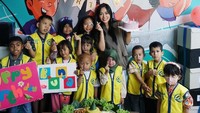 Tak hanya secara meriah bersama teman-teman, Rachel Vennya juga merayakan ulang tahunnya di sebuah rumah singgah. Tumpeng yang tinggi menjulang dihadirkan untuk mengahibur anak-anak yang diasuh di sana. Foto: Instagram/rachelvennya
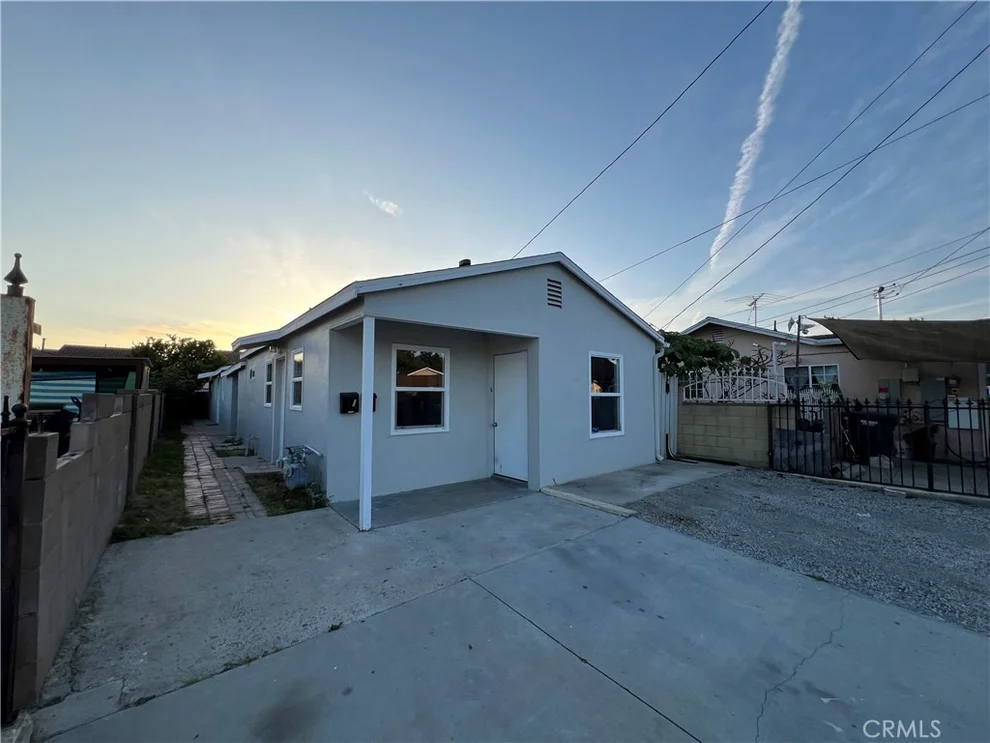 Unit for sale at 20719 Alburtis Avenue, Lakewood, CA 90715
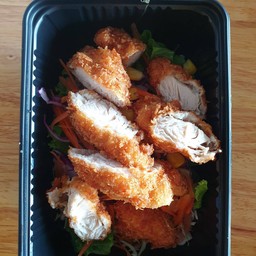 สลัดรวม ไก่ทอด และกุ้งทอด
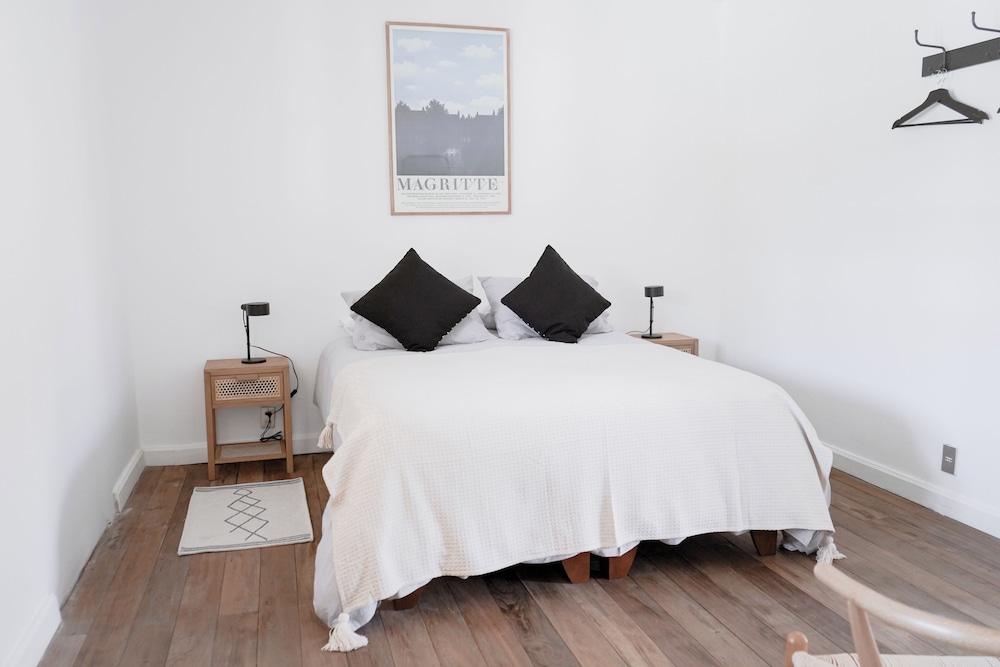 Basic Room, 1 Queen Bed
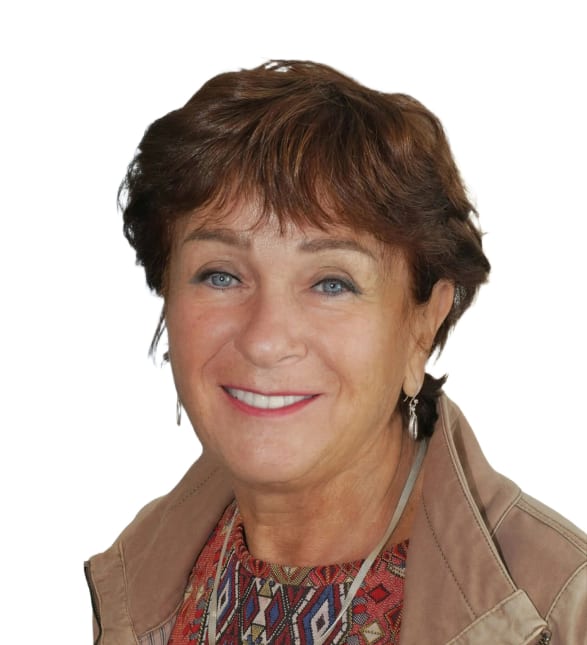 Dr. Anna Goldenberg, Dentist at Canyon Creek Dental Clinic - Portrait Photo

PROBLEM REQUIREMENTS: Reproduce, word for word, the lines from the one containing "Unit for sale" through the final line above. Leave every picture out.

REPLY TO THE EXERCISE:
 Unit for sale at 20719 Alburtis Avenue, Lakewood, CA 90715
 สลัดรวม ไก่ทอด และกุ้งทอด
 Basic Room, 1 Queen Bed
 Dr. Anna Goldenberg, Dentist at Canyon Creek Dental Clinic - Portrait Photo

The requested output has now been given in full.